Houses mostly alike, residents mostly likable


Academy Heights still attracts all ages

December 21, 2003|By Karen Baxter | Karen Baxter,SPECIAL TO THE SUN

The Academy Heights area of Catonsville once was considered a country setting - a spot away from the hustle of the city.

That 1950s setting has long since disappeared, replaced by the trademarks of suburbia - shopping centers, busy roadways and houses as far as the eye can see.

But Academy Heights remains a popular choice for those seeking a first home.

It served that role for World War II veteran Maurice Peter and his wife, Peggy, in November 1950. The Peters, who were expecting their second child at the time, moved from an Essex apartment and into their first home in Academy Heights. That setting, its affordable new housing and the proximity to downtown were all draws for Maurice Peter and dozens of other optimistic young veterans.

Academy Heights lies between the Baltimore City line to the east and the Baltimore Beltway to the west. It has 487 neo-Colonial-style brick rowhouses built between 1950 and 1952, all with slate roofs and white fascia boards.

All also have basically the same rectangular floor plan, consisting of three bedrooms and a bathroom on the upper level, and a living room, dining room and small eat-in kitchen on the first floor.

Sizes range from 1,200 to 1,512 square feet.
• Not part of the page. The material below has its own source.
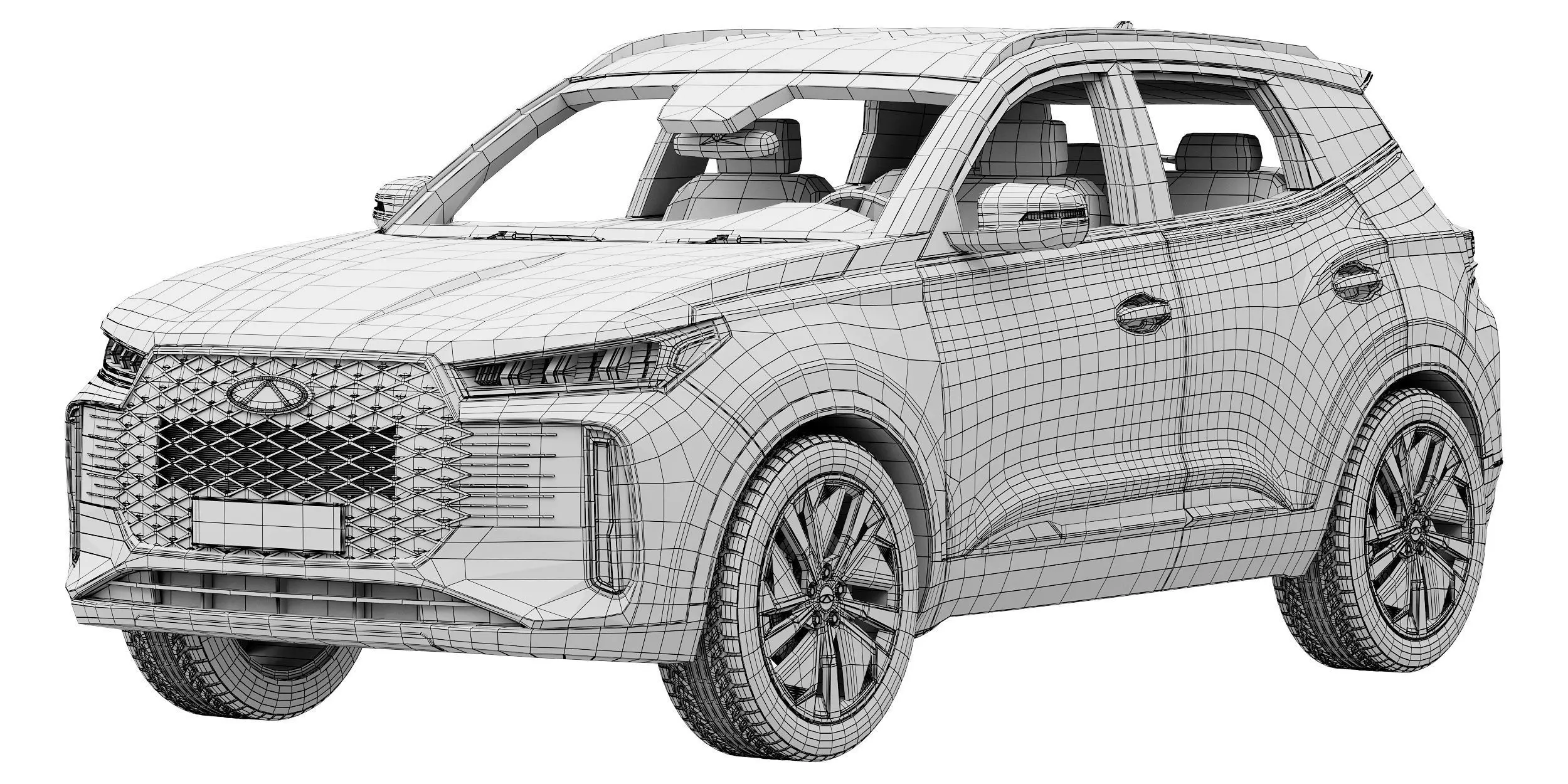 Chery Tiggo 4 2026 3D model_13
And in most cases, the homes include a finished basement with a half-bath and an unfinished attic. The end-of-group units, which agents said are brisk sellers when they reach the market, have fireplaces and larger yards.

Protective covenants require that all houses retain their slate roofs, brick walls, concrete porches and walks and the wooden front door, among other restrictions.

These rules may help Academy Heights gain federal historic preservation status, hopes Kathie Bankert, president of the Academy Heights Civic Association. The application process is under way and, if successful, would be a "big boost" to the community, Bankert said. That designation could provide tax credits for homeowners making renovations.

Property values have increased in the past few years. Sale prices have gone from the low $100,000s during the late 1990s to an average of about $160,000 this year, says Jean Chavis, a Realtor with the Catonsville/Elkridge office of Long & Foster Real Estate Inc. Chavis has sold real estate in the area for 17 years and says Academy Heights has been a sought-after neighborhood.

"As soon as a house comes on the market, everyone is clamoring to get their [buyers] in there to see what it looks like," she says.

Currently, there are no homes on the market. Two of the five homes under contract - one end unit and one interior - sold for $179,900.

Jamie and Lisa Dickey moved to Academy Heights in 1998 and they now have an 8-month-old daughter, Gracie. It's a neighborhood the couple knows well - Lisa Dickey is a Catonsville native. The Dickeys are putting the finishing touches on their home, which they have completely renovated during the past five years.

"Since we've been here, six more couples we know have moved in," Jamie Dickey said. "It's a nice place to live. And we're close to the city, but far enough away."

A number of original residents - or their adult children - remain in the community, giving it a sense of consistency.

"I don't think it's really changed that much, other than the trees have grown," said Bankert, a second-generation resident.

Community events always have been a part of life in Academy Heights. Maurice Peter recalls that in the early years "the police would close off the street and we would have block parties. Everyone would bring out the one thing that they cooked best."

A bowling league also united residents then.

Now, community activities include an Easter egg hunt, a Fourth of July celebration, a Halloween party, two neighborhood yard sales and a Christmas decoration contest - which is judged by art students from nearby Mount de Sales Academy.

The all-girls' Catholic high school originally owned the land that makes up the neighborhood and is the area's namesake. The school still is an integral part of the community, with many residents participating in its homecoming festivities, bull and oyster roast, Christmas bazaar and spaghetti dinner, Bankert says. The civic association also holds its monthly meetings at the school.

Christian Temple Christian Church also is within the neighborhood's boundaries.

"It's quiet. It's family. Everyone speaks to each other," Bankert says of the area. "It's a good, solid, stable neighborhood."

Academy Heights

ZIP code: 21228

Drive time to downtown Baltimore: 20 minutes

Schools: Westowne Elementary; Catonsville Middle; Catonsville High; Mount de Sales Academy; Community College of Baltimore, Catonsville; University of Maryland, Baltimore County

Shopping: U.S. 40 corridor; Westview; Security Square

Houses on the market: 0

Average list price: $157,743 *

Average sale price: $157,710 *

Average days on market: 11 *

Percentage of sale price in comparison with list price: 99.5 percent *

* Based on 25 sales during the past 12 months as compiled by Metropolitan Regional Information Systems Inc.